L'un des objectifs du futur Digital Services Act est de pallier cet anachronisme afin de mieux réguler ces acteurs incontournables. A ce titre, nous proposons de restreindre le statut d'hébergeur prévu par la directive e-commerce aux services numériques réellement passifs. Nous proposons d'instituer, à la charge des géants du numérique, des obligations d'action et de précaution s'agissant des contenus qui dépassent incontestablement les bornes de la liberté d'expression garantie par la Convention européenne des droits de l'homme et la Charte des droits fondamentaux.

Une régulation spécifique pour
attaquer l'impunité des géants du numérique

Le poids des sanctions européennes en matière de droit de la concurrence ne suffit plus, même si ces sanctions envers les géants du numérique appliquées à ce titre se sont multipliées ces dernières années. On se souvient notamment de celles pour abus de position dominante de Google par la Commission européenne : l'affaire Google Shopping lui a valu une sanction de 2,42 milliards d'euros en 2017, l'affaire Android 4,34 milliards en 2018, et l'affaire Adsense 1,49 milliard en 2019. Nous pensons que ces sanctions doivent être accompagnées de mesures préventives spécifiques pour répondre au caractère « structurant » de ces plateformes, caractère acquis notamment grâce aux effets de réseau, à un immense pouvoir de marché sur la recherche en ligne ou encore la publicité. A cet effet, il faut imposer à ces plateformes structurantes des obligations spécifiques de notification des concentrations afin d'éviter les « acquisitions prédatrices », ayant pour but d'annihiler toute forme de concurrence.

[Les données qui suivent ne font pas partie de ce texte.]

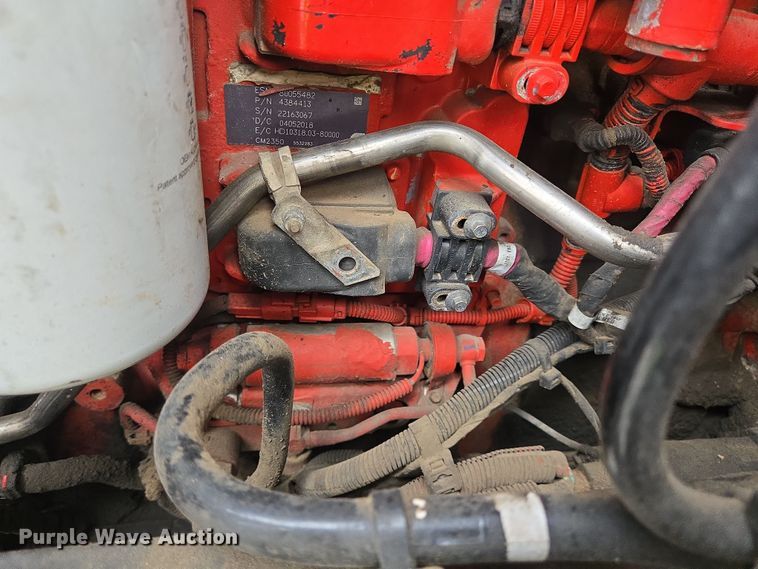 image for item YA0153 2019 Kenworth T680 semi truck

Mais la réglementation ciblée doit poursuivre deux autres objectifs. Le premier : redonner aux consommateurs le pouvoir d'être acteurs de la concurrence entre plateformes, en approfondissant les principes de portabilité et d'interopérabilité et en imposant la neutralité des terminaux. Le second : protéger les entreprises utilisatrices en mettant fin aux pratiques ayant pour but de restreindre leur capacité à mettre les plateformes en concurrence, ainsi que le propose déjà le nouveau règlement Platforms-to-business, qui devra être suivi d'effets.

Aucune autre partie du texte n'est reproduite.